Students will learn how to …
Last week was hot!!! What refreshing treat do people enjoy on a hot day? ICE CREAM! As we come to the end of the summer and the cooler weather of the fall, let’s take a look at this fun dataset about ice cream sales and weather.
These data are provided on github by Guilherme D. F. Silva (guilhermedom).
###Import the data
icecream<-read.csv("https://raw.githubusercontent.com/guilhermedom/perceptron-regression-ice-cream-per-temp/refs/heads/main/data/raw/icecream_sales.csv",
header=TRUE)
###Look at the data
str(icecream)
## 'data.frame': 500 obs. of 2 variables:
## $ Temperature: num 24.6 26 27.8 20.6 11.5 ...

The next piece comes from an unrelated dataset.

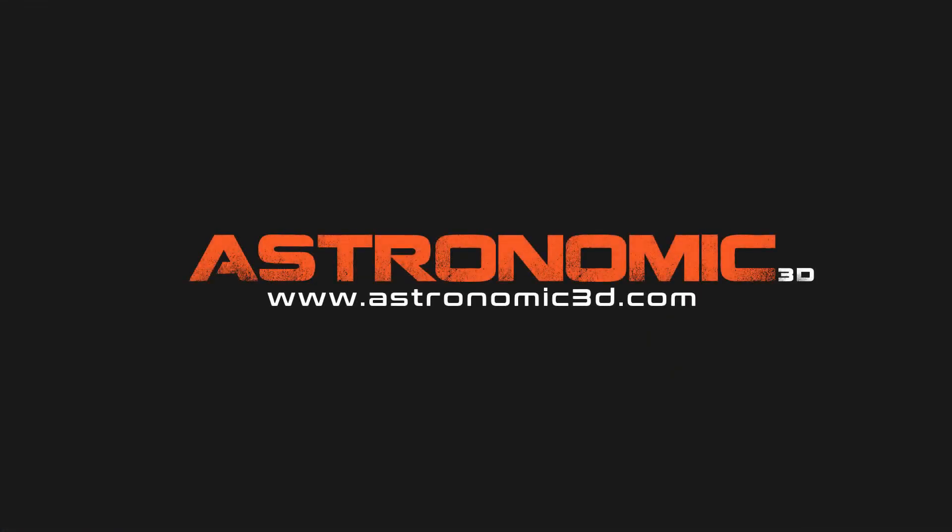I put a link in the description to download project files. You can also go to astronomic3d.com to download project files from this tutorial and all the tutorials that I've made so far. Thanks for watching.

## $ Revenue : num 535 625 661 488 316 ...
#View(icecream)
###Get access to the data set and create variables for easy access later
temp<-icecream$Temperature
rev<-icecream$Revenue
### IN BASE
###Make a histogram of the response variable
hist(rev)
### IN GGPLOT
library(tidyverse)
## ── Attaching core tidyverse packages ──────────────────────── tidyverse 2.0.0 ──
## ✔ dplyr 1.1.4 ✔ readr 2.1.5
## ✔ forcats 1.0.0 ✔ stringr 1.5.1
## ✔ ggplot2 3.5.2 ✔ tibble 3.3.0
## ✔ lubridate 1.9.4 ✔ tidyr 1.3.1
## ✔ purrr 1.1.0
## ── Conflicts ────────────────────────────────────────── tidyverse_conflicts() ──
## ✖ dplyr::filter() masks stats::filter()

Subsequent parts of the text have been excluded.